Примечательно, что "я уже не вернусь" звучит не менее категорично, чем "я не прощу" - это вещи одного лексического класса. Без компромиссов, кратко и прямо - как и привыкли употреблять здесь язык. И вновь обретший себя донбасский космополит тем самым лишь больше доказывает свою связь с этой набережной, от которой так пытается откреститься.

Конечно, по всей вероятности, эти люди действительно уже не вернутся. Ведь возвращение будет сродни бегству, на которое однажды их уже обрекла эта война: проданные в Донецке квартиры и купленное на "большой земле" жилье; детский сад для ребенка; работа и вновь выстроенная карьера; в конце концов - личная жизнь, возможно, завязанная именно на "той" географии, где все еще развивается украинский флаг. Вновь отказаться от этого ради привычного сквера, даже если рядом не будет трещать пулемет? Едва ли. И так город пустеет все больше. Так "своя правда" определяет общий для всех нас абсурд.

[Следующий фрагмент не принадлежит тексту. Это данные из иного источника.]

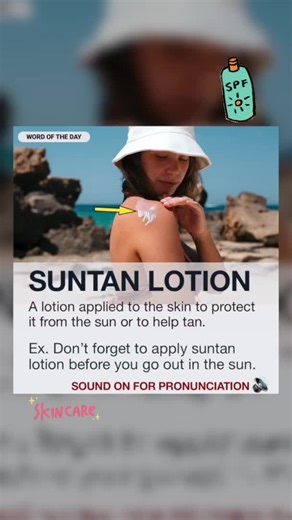 🌟 Word of the Day: “Suntan Lotion” 🌟 Today’s word is “suntan lotion.” 🏖️🧴☀️ “Suntan lotion” is a cream you put on your skin to protect it from the sun. It helps keep your skin safe while you enjoy the beach. Don’t forget to use it! 🌞✨ #WordOfTheDay #esl #clasesdeinglés #aprenderinglés #englishclasses #learnenglish #englishvocabulary #SuntanLotion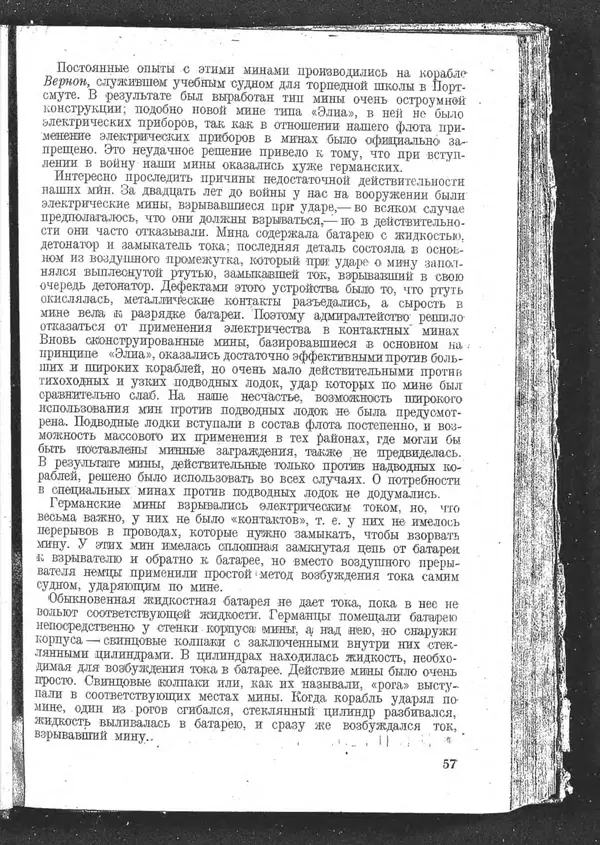 Роджер Бэкон - Дуврский патруль - Страница № 58
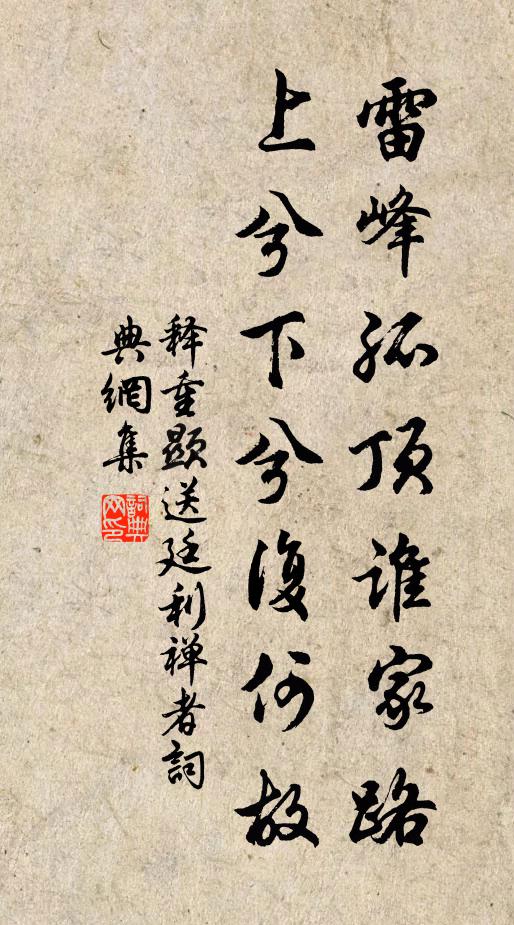 又聞弈棋多仙侶,常向局中送寒暑 詩詞名句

Впрочем, Донецк был богат и другими, ныне мигрировавшими, но не менее интересными персонажами. Мне вспоминается, как в мае 2014-го, когда процессы сепаратизма только набирали свой ход, я сидел на донецкой набережной с одним из тех, кого принято называть "патриоты". И на вопрос "а пошел бы ты воевать?" этот человек сказал мне буквально следующее: "Ты знаешь, за Украину я бы воевать не стал, а вот за эту набережную - наверное". Справедливости ради заметим, что человек этот не стал воевать ни за набережную, ни за кусты -вообще ни за что, а благополучно перебрался на юг, поближе к Одессе. И все-таки фраза "Україна понад усе" уже тогда была чужеродным телом в местных наречиях, звуча примерно так же, как призыв на субботник ради борьбы с США. Здесь всегда конкретность вытесняла абстракцию, а пустой холодильник - географические координаты "единой страны".

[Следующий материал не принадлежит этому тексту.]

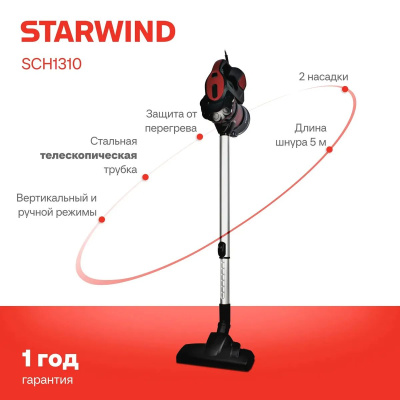 ������� ������ StarWind SCH1310, 1000��, �������/������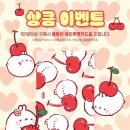 위고 이미지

Как бы там ни было, пока Донбасс - лишь известная контрацепция, принимающая весь удар на себя, дабы вирус "русского мира" не дошел до Житомира, контрацепция, имеющая одноразовую ценность, - никакой артиллерией этот вопрос не решить. Риторика о "рабстве" и "быдле" от тех, кто никогда не держал в руках молотка, и нежелание очнуться от сна о "нацистах" - футбольный мяч, который вот уже больше двух лет национальная мысль катает от ворот до ворот. Трезвый взгляд говорит, что Донецк для Украины потерян. Потерян ментально, потерян физически, со всеми последствиями, о которых еще предстоит лишь узнать. Галоп национальной мысли к европейскому будущему сквозь оккупацию Крыма, потери Донбасса, волынский янтарь и офшоры скорее напоминают смертельно раненого солдата, который изо всех сил напоследок тянется к бокалу дорогого вина.

Но во всем этом хаосе и неразберихе мы забыли упомянуть еще об одной генетической ветви Homo Donbassus - тех, кто все еще здесь. Украинцы Донецка все еще существуют. С каждым днем их все меньше: кто-то стал эмигрантом, фактически выехав в другую страну, а кто-то поверил в "республику", и такие случаи тоже не редкость. Многие все еще верят и борются. Но большинство просто ждут. Ждут, что однажды о них все-таки вспомнят, не предлагая позорно бежать из родных городов.